Tornamo-nos semelhantes a Jesus Cristo. - Na vida de Santo Henrique Suso conta-se que o servo de Deus fazia as mais ásperas penitências; mas, em certa ocasião, disse-lhe Deus que ainda tinha de sofrer coisa de maior merecimento e custo e que, para saber o que era, abrisse a porta da cela. Assim o fez. E viu no dormitório um cão com um trapo na boca e umas vezes o mordia e outras vezes o lançava para um canto. Disse-lhe Nosso Senhor que se dispusesse a ser tratado como aquele trapo e aprendesse dEle a sofrer, ainda que o desprezassem e mordessem com injúrias. 
Começaram, em breve, as perseguições e aos olhos do mundo, parecia um trapo desprezível, mordido dos cães furiosos e aos olhos de Deus, era uma pedra preciosa de muito valor que com aqueles golpes ficava cada vez mais polida. 
Porque é que valem mais as perseguições e injúrias sofridas com humildade e paciência do que penitências feitas com rigorosa austeridade? É que assim nos tornamos mais semelhantes a Jesus Cristo. Foi humilhado na Sua divindade na Sua alma e no Seu corpo. 
Portanto a tinta das injúrias, que a muitos só parece lançar no crédito, é na verdade, a tinta com que se tem feito preciosas cópias e retratos de Jesus Cristo.
Alcançamos muitos méritos. - Qual foi o principal merecimento do patriarca Abraão no seu sacrifício? Foi a obediência pronta, heróica, em executar as ordens de Deus? Não: o principal mérito do santo patriarca consistiu em não olhar ao que dirão, em desprezar com espírito magnânimo os ditos a que a sua obediência o expunha.
Vendo-o tomar o cutelo, diriam: aquilo é um bárbaro: vendo-o descarregar o golpe, sem derramar uma lágrima, sem lançar um ai, sem desviar sequer o rosto, acrescentariam: aquilo é um tigre e não um homem, um algoz e não um pai! 
Não temeu, diz São Zenão, que o tivessem por cruel e filicida: antes, para mostrar a sua submissão, alegrava-se de Deus, Nosso Senhor, lhe ter ordenado sacrifício tão penoso. Está nisto o incomparável mérito do grande patriarca. 
Imaginemos que todo o mundo em vez de nos escarnecer e motejar nos louva e aplaude por sermos cristãos.
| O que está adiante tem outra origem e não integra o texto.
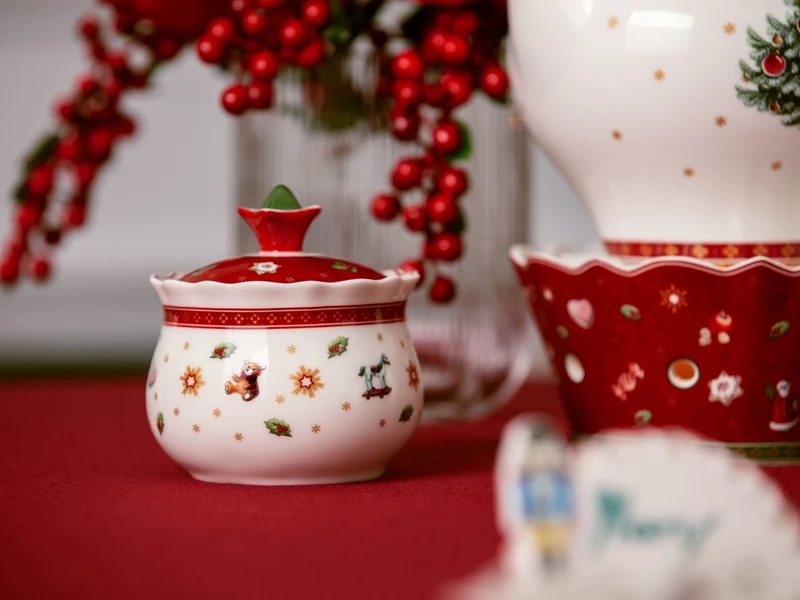 Villeroy & Boch Toy's Delight Marmeladendose 0,26l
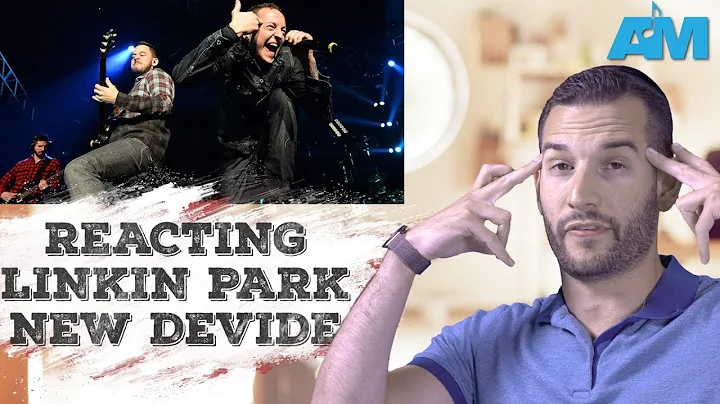 VOCAL COACH đánh giá biểu diễn của LINKIN PARK với ca khúc 'NEW DIVIDE'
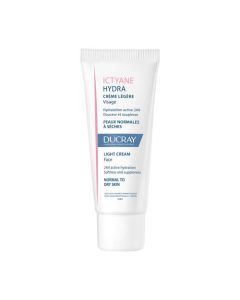 Ducray Ictyane Hydra Crème Légère Hydratante 40ml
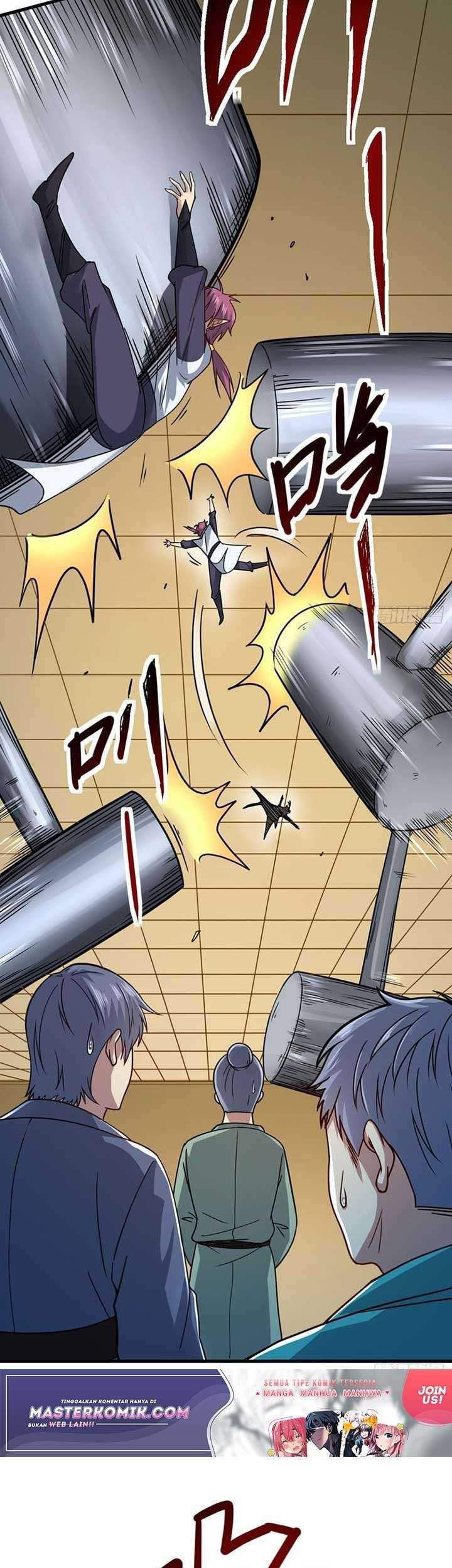 The Nine Realms Eyes Appeared Chapter 05 Gambar 16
Neste caso, quem deve e a quem? Deus a nós ou nós a Deus? “Os devedores, somos nós a Deus, diz São João Crisóstomo, devedores lhe somos da honra que nos tributam; mas se somos escarnecidos e motejados por Sua causa, Deus se faz nosso devedor.” Que coisa podemos desejar mais do que ter próprio Deus por devedor? Deus paga, cento por um, neste mundo e depois, o reino dos Céus. 

Reflexões e resoluções. - Agora, com os olhos da minha alma fixos em Jesus Crucificado, faço reflexões sobre a virtude sobrenatural da fé e tomo as resoluções de desenvolver e aperfeiçoar em mim esta grande virtude pela oração, dizendo com os Apóstolos: Senhor, aumentai em mim a fé; pelo exercício constante praticado, frequentes atos de fé como está escrito: “O justo vive da sua fé” e de professar sem temores nem respeitos humanos, de maneira que à hora da minha morte possa repetir como o Apóstolo São Paulo: - Cursum consummavi, fidem servavi; cheguei ao fim da minha vida e, durante toda ela, mostrei por obras que fui sempre verdadeiro cristão.
Maria Santíssima, minha boa Mãe, ajudai-me a ser fiel a estas resoluções. Assim seja.